Review and Resolution

Thank you everyone for continuing to check in and comment on my blog despite my MIA status. Sorry about that. I have been out of town since the day after Christmas with full intention of blogging, but never doing it. I’ve also been home since the 3rd and haven’t gotten myself to blog until today. But today is the end of my silence and hopefully you’ll be hearing me more frequently this coming year, because that so happens to be one of my weight loss resolutions: to post at least once a week. But before I get to that, I would like to review 2007 year of weight loss.

I started off that year after what I termed as “The Quarter from Hell”. Even with a month off, I was in a pessimistic, depressive slump. During that whole quarter, I promised that I would get back on the exercise/diet wagon with full vigor as soon as vacation hit, but that didn’t happen. It was more of a small crawl. Making my new year’s resolution for last year just felt like routine and I had no optimism in the process. Luckily, the quarter that followed was a more manageable load. I was able to put attention to my weight loss and actually saw it as a welcome break from school work and internship.

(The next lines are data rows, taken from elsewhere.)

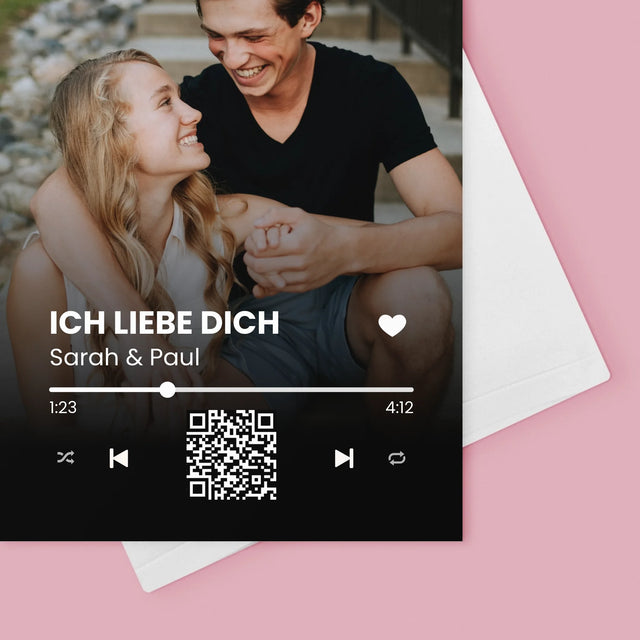 Foto Und Unterschrift: Euer Lied-Qr-Code - Glückwunschkarte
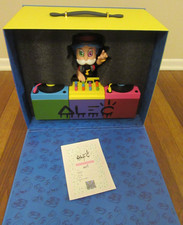Alec Monopoly DJ Monopz Cast Vinyl Figure Edition of 200 Packaged In Boombox Box picture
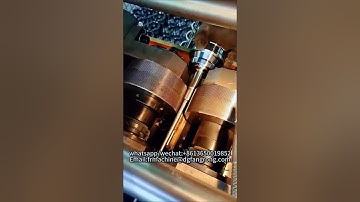 Thread rolling machine thread rolling process #machine #thread #factory #steel #rolling #metal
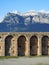 Ainsa castle Pyrenees mountains Huesca Spain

I joined SparksPeople and was able to successfully log in my food intake for which was quite a feat, considering the year before this was something I struggled at. As I predicted, weight loss became much easier after I started recording, and I lose the weight in an almost predictable manner. However, I struggled with the whole recording process. I had difficulty gauging the calories I was consuming and obsessed over what I ate. I felt guilty for going over the recommended range of weight loss, and I didn’t like feeling guilty. During the middle of the year, I worked on letting go of the guilt with the help of intuitive eating. I continued to record but I used the numbers instead as something to reflect on. However, a drawback of letting go of guilt has been my abandonment with sweets and chocolate. Especially chocolate. Before, I was eating chocolate in moderation, but come Halloween, all of that went out the window. A part was also because of winter blues. My numbers were off the roof, and I became indifferent to them. Come December, I became tired of recording food intake and decided to take a break. It seemed pointless since seeing the outrageous amount of calories I consumed per day did not discourage me from over eating.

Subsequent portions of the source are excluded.